Programming

My language of choice for scripting and analysis is Python (especially for end-to-end pipelines); however, I have used and am familiar with many other statistical/scripting languages and programs (with R being my bread and butter in graduate school). Two of my favorite, yet somewhat tangential, R packages are progress and tikzDevice.

Projects

The following projects can be found on my GitHub account.

Code snippets

This R script fits data to a lognormal distribution and then samples from the fitted distribution to find the first three moments (and the median).

## This program fits a log-normal distribution to sample data based on outcomes 
## and quantiles. Simulates two-state models through 10,000 samples. Computes
## the mean, median, variance, and skewness.

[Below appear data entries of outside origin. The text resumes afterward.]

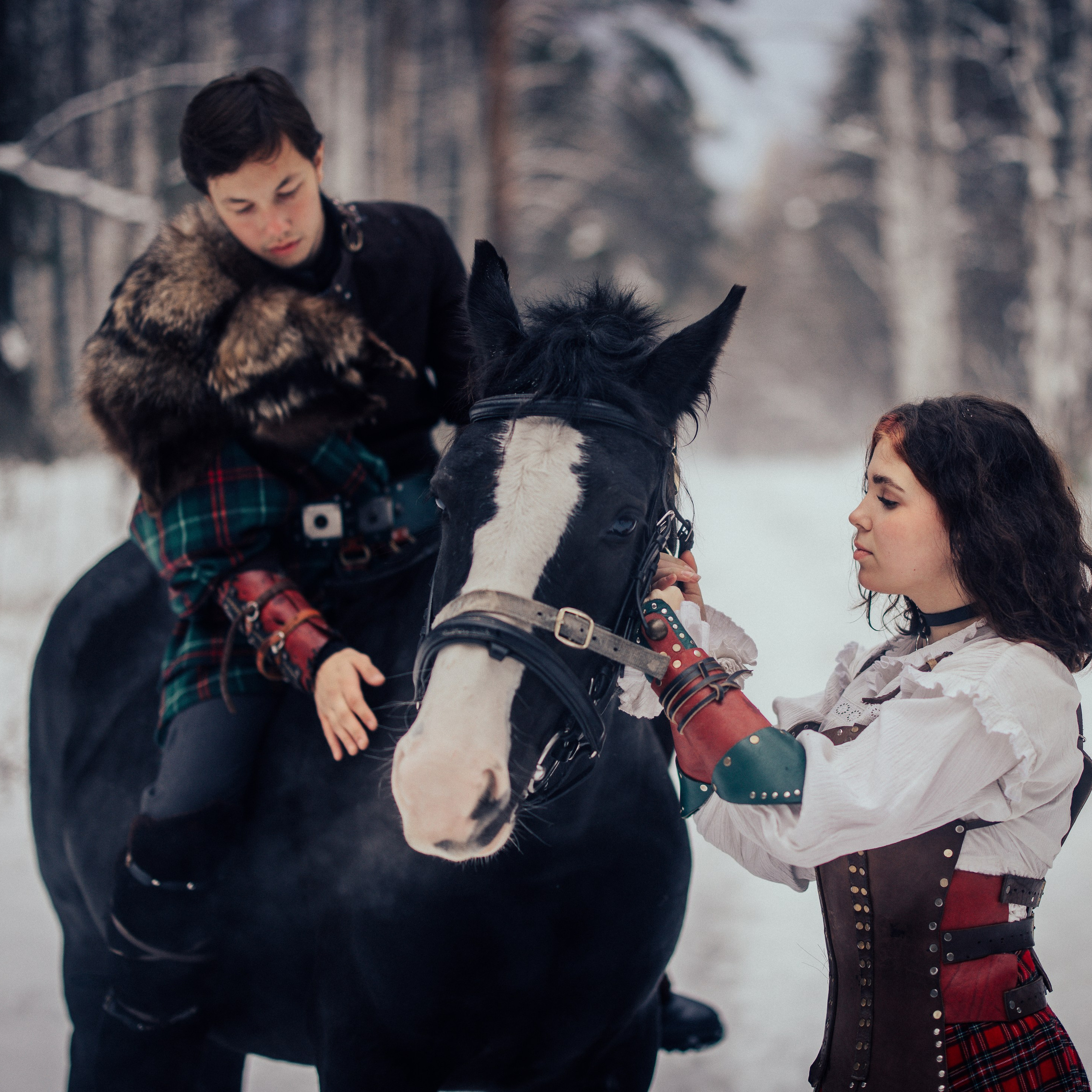 Шотландское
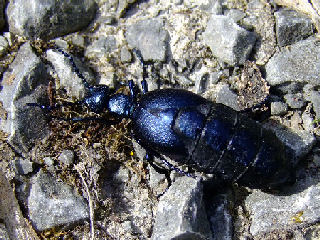 Der Schwarzblaue Ölkäfer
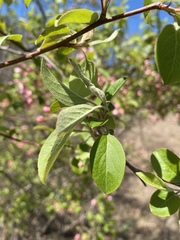 Malus halliana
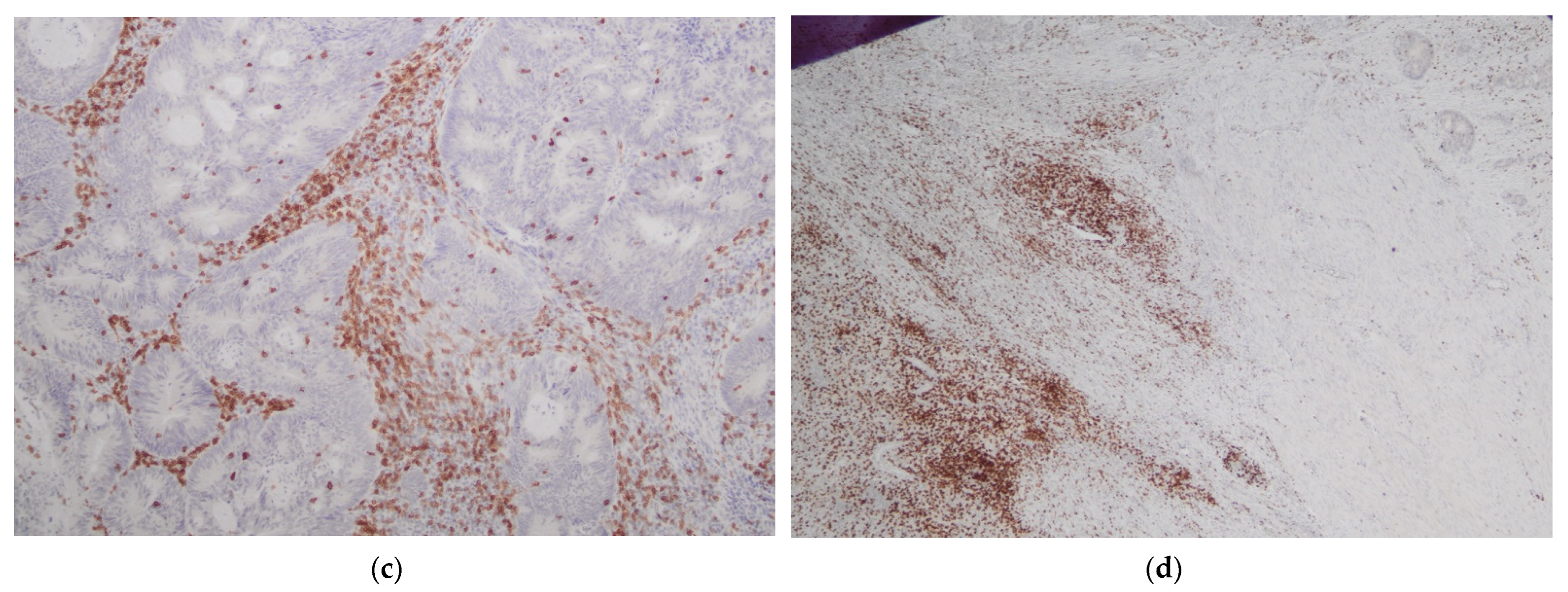 Biology 11 00385 g002b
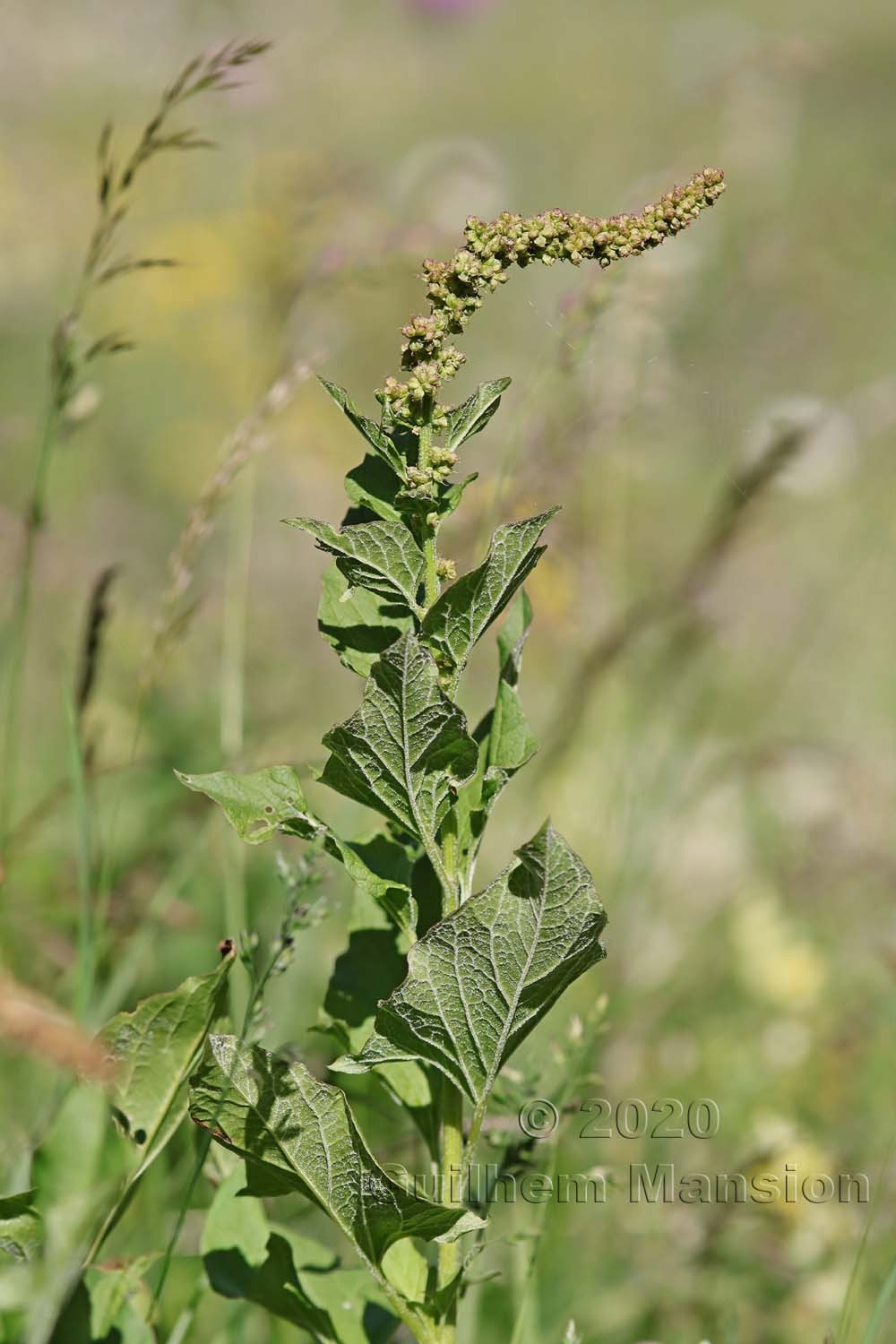 Chenopodium bonus-henricus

setwd("/Users/Bradley/Dropbox/...")

# load required packages
library(progress)
library(rriskDistributions)
library(moments)

# load data
sampleData <- read.csv("meanVarData.csv",header=TRUE)
closure <- c(.2556,1-.2556) # closed, open
quantilesNear <- c(0.2,0.5,0.8)
obs <- nrow(sampleData)

# fits 3 quantiles to log-normal distribution
fitLog <- function(info,numObs,quant,tolerance){
  output <- matrix(NA,numObs,2)
  for(i in 1:numObs){
    temp <- get.lnorm.par(p=quant,q=c(info[i,1],info[i,2],info[i,3])
                          ,show.output=F,plot=F,tol=tolerance)
    output[i,1] <- temp[[1]]
    if(is.na(output[i,1])){
      output[i,2] <- NA
    }
    else{
      output[i,2] <- temp[[2]]
    }
  }
  output
}

# returns which observations could not be fit to a log-normal distribution
# i.e., does not meet tolerance level
meetTol <- function(params){
  output <- c()
  for(i in 1:obs){
    if(is.na(params[i])){
      output <- c(output,i)
    }
  }
  output
}

log1 <- fitLog(two[,2:4],obs,quantilesNear,0.01)
log2 <- fitLog(two[,5:7],obs,quantilesNear,0.01)

meetTol(log1)
meetTol(log2)

# drop the invalid observations for the whole dataset
drop <- c(meetTol(log1),meetTol(log2))
log1Drop <- log1[-drop,]
log2Drop <- log2[-drop,]
sampleDataDrop <- sampleData[-drop,]
obs <- nrow(routes)

# simulates log-normal samples for a two-state model
# and outputs the first 3 moments and the median
sampleDistPass <- function(logDroppedOpen,logDroppedClosed,size){
  output <- matrix(NA,obs,4)
  pb <- progress_bar$new(total = obs)
  for(i in 1:obs){
    hold <- vector(mode="numeric",length=size)
    for(j in 1:size){
      rv <- runif(1,0,1)
      if(rv<closure[2]){
        hold[j] <- rlnorm(1,logDroppedOpen[i,1],logDroppedOpen[i,2])
      }
      else{
        hold[j] <- rlnorm(1,logDroppedClosed[i,1],logDroppedClosed[i,2])
      }
    }
    output[i,1] <- mean(hold)
    output[i,2] <- median(hold)
    output[i,3] <- var(hold)
    output[i,4] <- skewness(hold)
  
    pb$tick()
  }
  output
}

results <- sampleDistPass(log1Drop,log2Drop,10000)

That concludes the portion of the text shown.